Os resultados dessa política estão bem evidenciados no que sucedeu aos funcionários públicos no corrente ano. O aumento da produção e da produtividade teriam permitido uma melhoria média do poder aquisitivo dos salários de 3%. Os funcionários públicos que, tal como os outros trabalhadores, deverão a médio prazo participar nos acréscimos da produtividade, verão o seu salário real cair, pelo menos 2% mesmo que, com muito boa vontade se admita, que a utilização de certificados de aforro é uma modalidade aceitável para se efectuar o pagamento do suplemento de salários de 1,5% já anunciado pelo Governo.
O exemplo dos funcionários públicos é o mais conhecido mas não é o único. Muitos outros trabalhadores sofrerão quedas dos seus salários reais em 1988, e poucos serão aqueles que o aumento desses salários se aproximam da taxa de 3%, que seria de esperar em face do aumento da produtividade. Com esta transferência de rendimentos dos trabalhadores para ganhos de capital, não temos de nos admirar com a explosão de consumos sumptuários e a exibição do novo riquismo que estão a dominar a nossa vida social.

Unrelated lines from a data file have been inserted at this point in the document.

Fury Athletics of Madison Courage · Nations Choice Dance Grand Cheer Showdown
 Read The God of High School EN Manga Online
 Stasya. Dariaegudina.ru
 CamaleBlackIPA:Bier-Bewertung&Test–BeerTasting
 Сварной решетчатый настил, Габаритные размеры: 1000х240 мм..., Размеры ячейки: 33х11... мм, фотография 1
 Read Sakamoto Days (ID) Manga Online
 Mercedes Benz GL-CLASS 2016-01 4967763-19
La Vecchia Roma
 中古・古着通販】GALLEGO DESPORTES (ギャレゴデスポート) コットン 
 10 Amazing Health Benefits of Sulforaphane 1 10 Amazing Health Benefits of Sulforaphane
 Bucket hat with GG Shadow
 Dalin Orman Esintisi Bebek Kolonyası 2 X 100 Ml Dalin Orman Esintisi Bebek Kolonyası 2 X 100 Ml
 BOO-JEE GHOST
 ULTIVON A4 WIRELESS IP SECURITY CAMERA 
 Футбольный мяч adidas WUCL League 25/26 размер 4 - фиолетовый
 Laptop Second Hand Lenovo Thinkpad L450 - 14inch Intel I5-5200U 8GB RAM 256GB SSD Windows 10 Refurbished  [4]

Sr.ª Presidente, Srs. Deputados: Finalmente, e contrariando a expectativa criada, a introdução do imposto único sobre os rendimentos vai ser mais um processo poderoso para beneficiar os mais ricos, à custa dos trabalhadores e da classe média. Não vou, de novo, trazer os problemas, que já aqui debatemos a semana passada, criados pelo duplo pagamento , em 1989 do imposto complementar e do novo imposto sobre rendimentos, mas a esse respeito começa a constituir um verdadeiro atentado contra a democracia que a opinião pública não tenha tido possibilidades adequadas de ser correctamente informada sobre as posições da oposição e esteja a ser constantemente exposta, diria mesmo submetida, à propaganda do Governo nesta matéria, como sucedeu pelo menos duas vezes, a semana passada, através de declaração na TV do Sr. Primeiro-Ministro e do Sr. Secretario de Estado dos Assuntos Fiscais. Para além da inaceitável dupla carga fiscal que muitos contribuintes vão ter de suportar em 1989, é ainda mais grave que a nova reforma fiscal consagre um sistema regressivo, em que os rendimentos dos milionários são menos tributados que os rendimentos dos trabalhadores e da classe média. É por isso mesmo que em nosso entender, no entender do PRD a reforma fiscal é inconstitucional. O imposto sobre o rendimento das pessoas singulares não é único, nem é progressivo, ao contrário do que exige o artigo 107.º da Constituição da República Portuguesa.
Não é único porque estabelece regimes diferentes para os rendimentos de trabalho e para os rendimentos de capital.